Problem: Sea Eagle needed a way to gauge whether its advertising investments were paying off.
Solution: It developed a proprietary ad-tracking solution that ties back to sales data.
Results: The merchant of boats and gear now can track back 21 percent of its sales to the cost of promotions, vs. only 10 percent last year.
As more and more of its customers migrated to the e-commerce channel, Sea Eagle was losing sight of how it was generating leads. Were they coming from print advertising, search-engine marketing, natural search on the Web or some other method?
“We spent $400,000 in print ads last year, [for example], but we could track back sales to them only a tenth of the time,” says John Hoge, vice president of this Port Jefferson, N.Y.-based merchant of inflatable boats and boating gear. “We had only a vague notion of which ads were working for us. The Net was muddying our ability to track the performance of our media buys.”
To solve this dilemma, Hoge developed a script that asks online shoppers (at the shopping cart) and catalog requesters how they heard about Sea Eagle. They’re presented with a simple list of three
choices: “advertisement,” “search engine” or “other.” When visitors select “advertisement,” a drop-down menu lists the names of the specific media outlets in which Sea Eagle’s ads appear. (To keep it current, the media menu is updated hourly.)

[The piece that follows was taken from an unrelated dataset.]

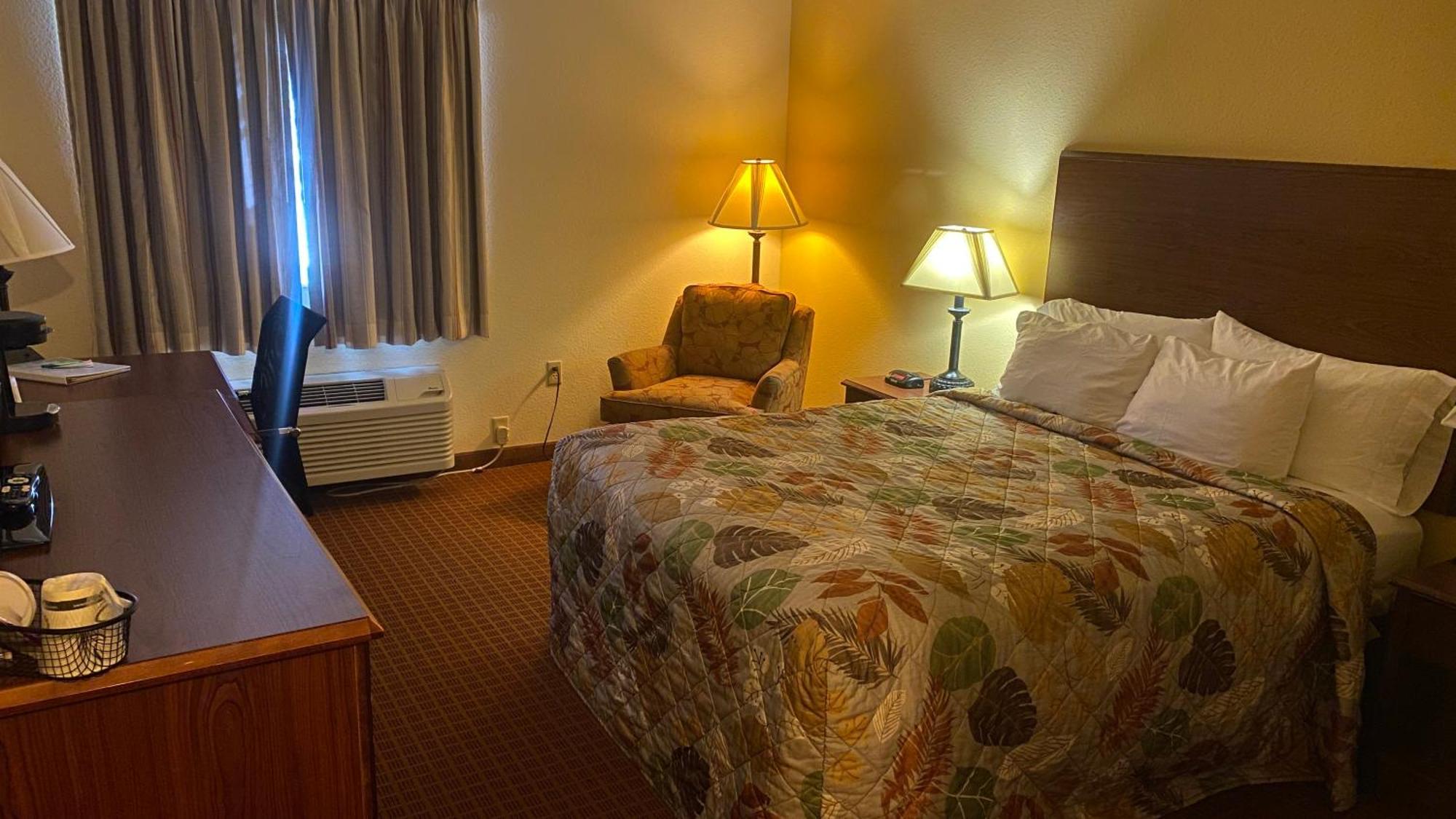 Park View Inn & Suites Hoisington Near Great Bend Eksteriør billede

When site visitors select “search engine,” the system automatically searches back to find the referring URL so that Hoge knows which search-engine marketing programs are working. “We tag all our CPC [cost per click] buys with specific tracking codes, including the keyword that was advertised,” Hoge says.
If there’s no tracking code, he continues, the system automatically looks at the referring URLs to identify online traffic coming from natural search. It then parses out keywords. “This way we can do a monthly review of all our search-engine bidding strategies on Overture and Google Adwords,” he says.
Promo Costs Tied to Sales
The intriguing part of this solution is that it’s tied back to sales data, so Hoge sees not just how customers found Sea Eagle, but how much those customers actually spent with the company. In this way, he says, “We’re able to see our total ROI across all channels for a given expenditure in advertising.”
Hoge says it took him only about a day to recode an off-the-shelf system to do the tracking. He got some consulting help with the task of extracting keywords for search strings.
The online tracking page uses DHTML technology, which makes the data input “as painless as possible for the customer,” says Hoge.
Today Sea Eagle can tie back 21 percent of its sales to the cost of promotions, vs. only 10 percent last year. “It’s better, yes, but still not as high as we’d like,” Hoge says.
“But at least now we have a better idea of which print and online ads are generating not just interest in Sea Eagle, but actual sales,” he notes.